Thank you Candy 🙂 The heart was fun to make and my little one loves pink.
What a great and delicious recipe! I love strawberry cake so I know I will love this! Thank you for sharing this wonderful recipe!
Thanks Ashleigh! 🙂
Cassava flour – can’t have that what can I substitute for it
Have you ever tried cassava flour? Sorry, I can’t test all kinds of flours. I haven’t tested any other flours for this recipe, so I cannot recommend anything else but cassava.
How perfect for Valentine’s Day! My husband would love this!
Thank you 🙂 It’s a fun recipe for this time of year.
This looks so beautiful, great job! I’ll bet it tastes amazing too.
Thank you Angie! It was delicious 🙂
These look so delicious!
Thank you 🙂
I love that you added beets. I used them once in a cake to help keep it moist. You would never know there were beats in the cake.
PS love the swirl. (A post on how to do that, please.)
I love the moisture beets add. It’s super simple 🙂 use the back of a teaspoon and slowly turn the cake in a simple swirl pattern around the top starting in the center and working your way out. Repeat the same steps around the side of the cake if you want to.
I love that this cake is not only strawberry but made with cassava flour! I eat gluten free, so this was a fun surprise when reading through this blog post. I did a little research and it said that it is the closest flour to give the same consistency as wheat flour, did you find that to be the case with this cake? If so I want to try some!!! Thanks for sharing!
Hi Cristin! Thanks for stopping by 🙂 Yes, I have found that to be true with cassava flour. With other gluten free flours I find that you need a combo or other flours like tapioca and even gums like xanthan in order for baked goods to work and not fall apart. Cassava doesn’t need those extras and I love that about it! It’s my new go-to flour. 🙂
Such a pretty cake, love that you used cassava flour!
Thank you Sylvie! I’m in love with cassava flour 🙂
Such a cute recipe! Seriously loving that frosting 😀
Thanks Chrisy! 🙂
How you come up with these amazing cakes is beyond me! I’m waiting for my cassava flour so this is going to be fun to make!
You’re going to love cassava flour Karen, it’s so awesome. And thank you xo
What a beautiful cake! I love strawberry cake. My grandma used to make me one every year for my birthday. I’m going to have to make this.

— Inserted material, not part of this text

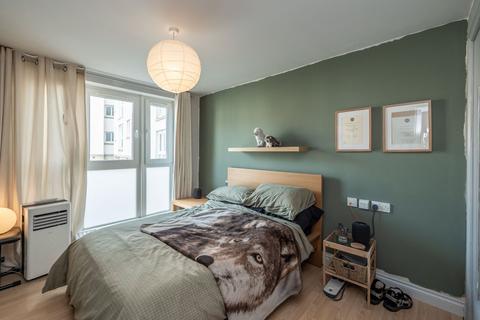 25/14 Brunswick Road, Edinburgh, EH7 5GY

Thank you Christine! What a fun memory 🙂
What an absolutely beautiful recipe!!
Thank you! 🙂
Love that you used beets in this recipe. I want to eat the frosting by the spoonful.

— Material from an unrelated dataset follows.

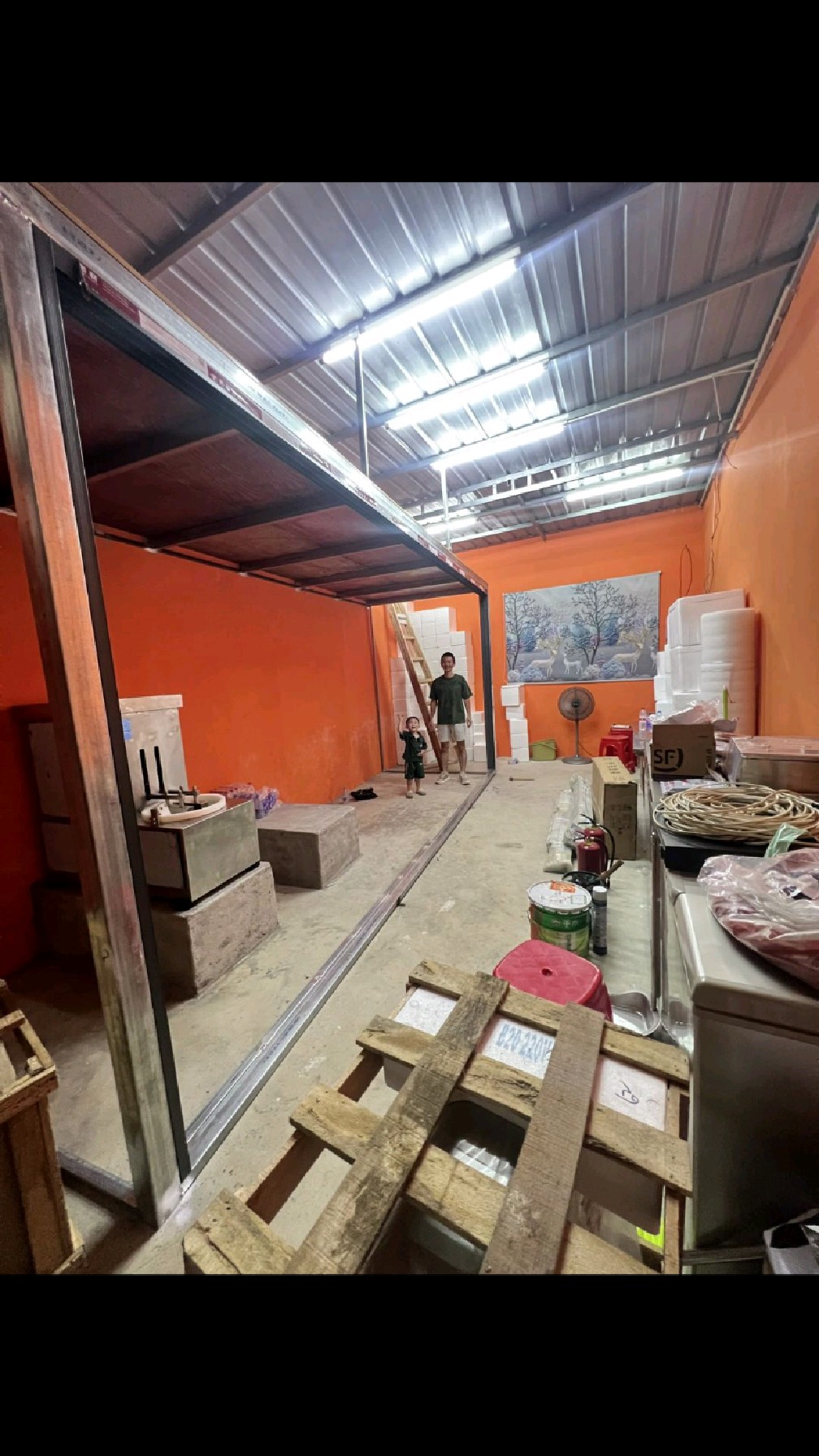 做了一间阁楼,楼上放泡沫箱,楼下为锤肉机做空调房。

This cake looks amazing! if I gain 5 lbs it’s all your fault 🙂 Thanks for adding this to Simply Natural Saturdays. I chose this as my featured post for this week. Hope to see you again soon!
LOL 🙂 thank you xo
What a very pretty cake, I’m sure your daughter was so happy.
Thank you! She loved it 🙂
Totally making these for Valentine’s Day!! 🙂
🙂 so fun!
This strawberry cake is so pretty!! I can only imagine how divine it must taste! Such a beautiful list of real food ingredients too! ♥
Thank you so much Andrea 🙂 It’s so yummy!
Yet another recipe of yours to pin and make!! Love this one! I have taken to using beets for my red color too…much cheaper than the natural store bought ones! Featuring your recipe on Allergy Free Wednesday this week, thank you!
Thank you so much Tessa! 🙂
Hi Emily – This is a beautiful cake! Thanks for sharing with the Let’s Get Real party. Pinning.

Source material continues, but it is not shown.